По душе было Леопольду и нетерпение Баженова, его решительность и дерзость в бою, о чем не раз сообщала газета-дивизионка «За счастье Родины». Некрасов и сам разделял его чувства. «Ох весна, весна! — писал он. — Все время хочется сделать что-нибудь особенное. Четвертый день собираюсь ползти к фрицам в траншею и забросать их гранатами. Только ординарец знает мое желание и глаз не спускает, так и держит за рукав».
Ожидалось новое наступление. На здешнем участке держала оборону 78-я немецкая дивизия. Ей Гитлер присвоил наименование штурмовой, вооружил новейшими видами оружия, в том числе фаустпатронами. Командовал ею генерал-лейтенант Г. Траут, прозванный «железным генералом». «Пока я под Оршей, — заверял Траут, — Германия может спать спокойно».
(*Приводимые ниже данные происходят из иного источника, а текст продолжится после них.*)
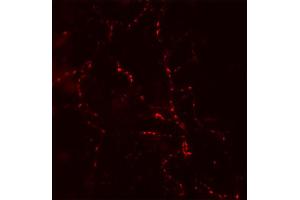 Immunocytochemistry (ICC) image for anti-Synaptotagmin II (SYT2) (AA 1-11), (Lumenal Region) antibody (ABIN1742203)
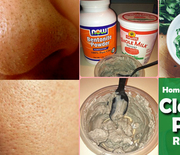 Thumb_remedies-for-clogged-pores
До начала операции «Багратион» оставалось более месяца, и Городокскую дивизию отвели в недальний тыл, где она усиленно готовилась к боям. И весь пыл, с которым на переднем крае Некрасов рвался в схватку с врагом, он обратил на боевую учебу. К тому времени Леопольд стал завзятым минометчиком. Если в письмах минувшего года он обычно называл себя «офицером-артиллеристом», то в сорок четвертом писал с гордостью: «Я — минометчик, даю фрицам жару»; «поддерживаю пехоту из своих „самоваров“».
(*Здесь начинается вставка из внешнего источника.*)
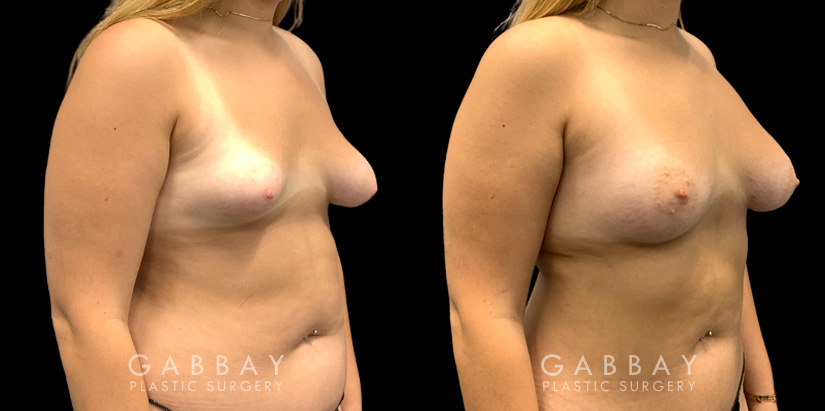 Patient 11 3/4th Right Side View Breast Fat Grafting Gabbay Plastic Surgery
После Невеля и Городка, боев под Витебском он по-настоящему оценил свое оружие. О, скромный батальонный миномет калибра восьмидесяти двух миллиметров, образца 1939 года, ты достоин самой высокой славы! Как горячо и искренне любила тебя, близкого и верного помощника, наша пехота, как ждала той поддержки и надеялась на нее: «Дай огоньку!» — и ты давал. Едва укрытые высоткой, холмиком, берегом овражка, лесной опушкой, твои горячие трубы изрыгали навесной огонь, прокладывая дорогу стрелкам, окорачивали рвущихся в контратаку фашистов. Твои карающие мины летели и в ближнюю цель — на сотню метров, и дальнюю — на три с лишним километра. Ты — истинно подданный матушки-пехоты!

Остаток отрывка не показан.